Awards 2020

The AGAPS 2020 Winners

AGAPS Gwenn Okruhlik Dissertation Award

Dr. Camille Lyans Cole, Yale University

“Empire on Edge: Land, Law, and Capital in Gilded Age Basra”

Commendation of the Award Evaluation Committee:

We have selected Camille Cole’s Empire on Edge for the AGAPS Dissertation Award for 2020. Empire on the Edge interrogates how a small group of capitalists in Basra appropriated specific tools of governance such as land deeds and plantation agriculture, and produced new forms of wealth stratification and conspicuous consumption in the region and beyond. Drawing on a broad range of scholarship in history and adjacent disciplines, as well as a wide array of archival sources in multiple languages, this dissertation contributes to analyses of global capital in the Middle East in the 19th century. It is also a colorful environmental history of agriculture in the region, paying attention to the materialities of blank forms and date and rice alike. We find this dissertation important because it places Basra in the Gulf world, while communicating to the larger field of Middle East Studies. Beyond showing us what elite worlds looked like in Basra in the 19th century, this timely manuscript is able to foreground the links between capitalism and the environment, leading to productive questions on how and why these relations may have transformed.
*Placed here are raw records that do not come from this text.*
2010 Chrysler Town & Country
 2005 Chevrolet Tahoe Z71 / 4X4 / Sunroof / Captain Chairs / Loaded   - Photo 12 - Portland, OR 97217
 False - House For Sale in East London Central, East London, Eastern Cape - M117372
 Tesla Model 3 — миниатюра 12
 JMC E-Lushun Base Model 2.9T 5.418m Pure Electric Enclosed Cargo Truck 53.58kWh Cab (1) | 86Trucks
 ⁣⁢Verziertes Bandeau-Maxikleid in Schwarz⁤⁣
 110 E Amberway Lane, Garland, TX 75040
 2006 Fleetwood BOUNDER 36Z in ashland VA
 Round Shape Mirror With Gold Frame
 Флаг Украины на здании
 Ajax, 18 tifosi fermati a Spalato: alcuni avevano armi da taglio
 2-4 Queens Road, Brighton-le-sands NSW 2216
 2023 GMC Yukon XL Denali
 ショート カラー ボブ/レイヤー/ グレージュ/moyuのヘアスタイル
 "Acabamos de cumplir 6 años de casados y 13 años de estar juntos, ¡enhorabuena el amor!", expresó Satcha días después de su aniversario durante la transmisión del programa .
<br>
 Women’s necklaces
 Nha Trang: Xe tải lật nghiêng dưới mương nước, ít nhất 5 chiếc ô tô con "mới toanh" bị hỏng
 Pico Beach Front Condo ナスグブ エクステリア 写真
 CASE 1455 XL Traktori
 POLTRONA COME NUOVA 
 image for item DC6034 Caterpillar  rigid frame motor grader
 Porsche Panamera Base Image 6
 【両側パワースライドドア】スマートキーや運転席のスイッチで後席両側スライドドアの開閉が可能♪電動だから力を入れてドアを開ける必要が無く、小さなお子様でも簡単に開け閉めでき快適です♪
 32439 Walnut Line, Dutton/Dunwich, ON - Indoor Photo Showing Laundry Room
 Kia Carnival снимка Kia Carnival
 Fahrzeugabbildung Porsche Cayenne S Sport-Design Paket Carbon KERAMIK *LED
We also believe that this dissertation will be an important book, which will spotlight the role of Basra in the region, and challenge unidirectional narratives on the production of capitalist ethics, norms and practices. 


AGAPS Graduate Paper Award

Emilio Ocampo Eibenschutz, Cornell University

“19th-Century British Imperialism and the Transregional Geopolitics of an Omani Patricide”

Commendation of the Award Evaluation Committee:

We would like to award the AGAPS graduate student paper prize to Emilio Ocampo Eibenschutz for his paper titled “19th Century British Imperialism and the Transregional Geopolitics of an Omani Patricide.” By unpacking the British reaction to the murder of Sultan Thuwaini bin Sa’id of Oman by his son Salim in 1866, the paper analyzes the emergence of an administrative crisis among colonial officers, and thereby examines the changing nature of imperialism. A close analysis of British colonial archives allows Eibenschutz to show how this seemingly domestic event had far reaching consequences in the empire, forcing colonial officers to rethink regulations around slavery, piracy, commerce and the status of British Indian subjects. As Eibenschutz demonstrates, the British imperial officers carved out new ways of legitimizing their presence in the region, but remained unable to mask the broader ambivalences characterizing British imperialism at the time. The paper is a welcome contribution to a growing body of scholarship on the Indian Ocean, and offers evidence regarding the critical role of the Arabian Peninsula in major political debates involving maritime trade. It is well-written and well-argued, and presents inspiring directions for future research. The committee is excited to see how these arguments will shape Eibenschutz’s dissertation project.